● **What to work on**
For each line below that contains the string "Black", copy that line.

Scraped caption text data
*** Begin section ***

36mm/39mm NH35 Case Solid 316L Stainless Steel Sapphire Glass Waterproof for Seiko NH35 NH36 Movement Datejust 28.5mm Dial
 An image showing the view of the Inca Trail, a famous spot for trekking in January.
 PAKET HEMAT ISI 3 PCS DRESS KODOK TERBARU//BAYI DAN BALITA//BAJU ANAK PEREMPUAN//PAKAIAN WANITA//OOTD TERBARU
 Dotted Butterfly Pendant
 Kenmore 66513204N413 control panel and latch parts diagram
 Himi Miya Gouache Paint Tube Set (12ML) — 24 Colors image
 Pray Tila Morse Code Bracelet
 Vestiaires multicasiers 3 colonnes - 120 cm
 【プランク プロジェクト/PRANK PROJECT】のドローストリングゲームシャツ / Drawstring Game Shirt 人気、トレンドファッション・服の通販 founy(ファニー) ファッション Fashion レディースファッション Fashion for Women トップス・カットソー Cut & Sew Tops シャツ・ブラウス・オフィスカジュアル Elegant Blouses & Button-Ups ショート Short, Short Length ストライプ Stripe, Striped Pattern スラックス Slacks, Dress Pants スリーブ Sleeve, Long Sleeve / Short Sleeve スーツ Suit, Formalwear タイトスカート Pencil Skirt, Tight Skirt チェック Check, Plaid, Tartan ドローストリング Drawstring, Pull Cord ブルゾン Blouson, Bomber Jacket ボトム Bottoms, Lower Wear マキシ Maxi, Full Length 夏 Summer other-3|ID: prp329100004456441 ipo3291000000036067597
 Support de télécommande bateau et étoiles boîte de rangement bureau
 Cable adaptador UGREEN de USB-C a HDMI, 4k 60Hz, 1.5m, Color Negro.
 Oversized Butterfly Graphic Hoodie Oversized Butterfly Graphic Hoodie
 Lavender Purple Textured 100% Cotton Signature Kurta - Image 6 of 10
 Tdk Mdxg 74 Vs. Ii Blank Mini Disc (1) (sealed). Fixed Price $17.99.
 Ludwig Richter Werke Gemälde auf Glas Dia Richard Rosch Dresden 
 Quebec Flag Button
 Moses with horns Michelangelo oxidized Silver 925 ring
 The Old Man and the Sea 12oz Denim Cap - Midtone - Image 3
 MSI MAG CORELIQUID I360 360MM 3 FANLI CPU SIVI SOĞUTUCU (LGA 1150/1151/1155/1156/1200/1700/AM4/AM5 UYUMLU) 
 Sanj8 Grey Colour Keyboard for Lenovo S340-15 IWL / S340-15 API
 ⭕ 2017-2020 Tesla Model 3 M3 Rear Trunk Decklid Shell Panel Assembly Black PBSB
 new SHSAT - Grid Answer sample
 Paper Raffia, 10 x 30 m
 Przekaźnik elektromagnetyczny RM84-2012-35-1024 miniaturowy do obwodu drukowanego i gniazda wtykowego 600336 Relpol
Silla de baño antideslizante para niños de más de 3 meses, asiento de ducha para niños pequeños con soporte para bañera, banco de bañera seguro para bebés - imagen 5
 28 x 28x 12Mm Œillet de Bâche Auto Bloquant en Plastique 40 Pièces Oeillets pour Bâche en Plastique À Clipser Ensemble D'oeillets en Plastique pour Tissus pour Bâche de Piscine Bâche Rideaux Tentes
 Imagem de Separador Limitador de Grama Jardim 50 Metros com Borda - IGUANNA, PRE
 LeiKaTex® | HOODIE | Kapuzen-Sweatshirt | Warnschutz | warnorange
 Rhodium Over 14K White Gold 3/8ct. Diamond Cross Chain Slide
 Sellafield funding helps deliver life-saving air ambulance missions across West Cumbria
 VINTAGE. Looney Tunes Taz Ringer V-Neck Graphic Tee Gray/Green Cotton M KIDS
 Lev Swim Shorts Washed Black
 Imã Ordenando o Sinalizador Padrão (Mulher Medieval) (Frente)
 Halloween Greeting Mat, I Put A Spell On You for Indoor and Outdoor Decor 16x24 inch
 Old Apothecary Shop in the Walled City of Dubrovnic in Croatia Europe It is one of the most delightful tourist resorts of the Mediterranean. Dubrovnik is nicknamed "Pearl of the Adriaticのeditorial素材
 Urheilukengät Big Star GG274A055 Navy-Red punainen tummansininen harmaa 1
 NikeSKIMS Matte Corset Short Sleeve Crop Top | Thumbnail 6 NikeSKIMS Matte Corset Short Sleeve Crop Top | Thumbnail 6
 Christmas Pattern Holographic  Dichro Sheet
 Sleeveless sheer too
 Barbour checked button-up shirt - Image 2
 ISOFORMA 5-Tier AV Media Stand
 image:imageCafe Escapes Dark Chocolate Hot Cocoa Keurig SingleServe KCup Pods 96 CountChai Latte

*** End section ***

● **Solution**
 ⭕ 2017-2020 Tesla Model 3 M3 Rear Trunk Decklid Shell Panel Assembly Black PBSB
 Lev Swim Shorts Washed Black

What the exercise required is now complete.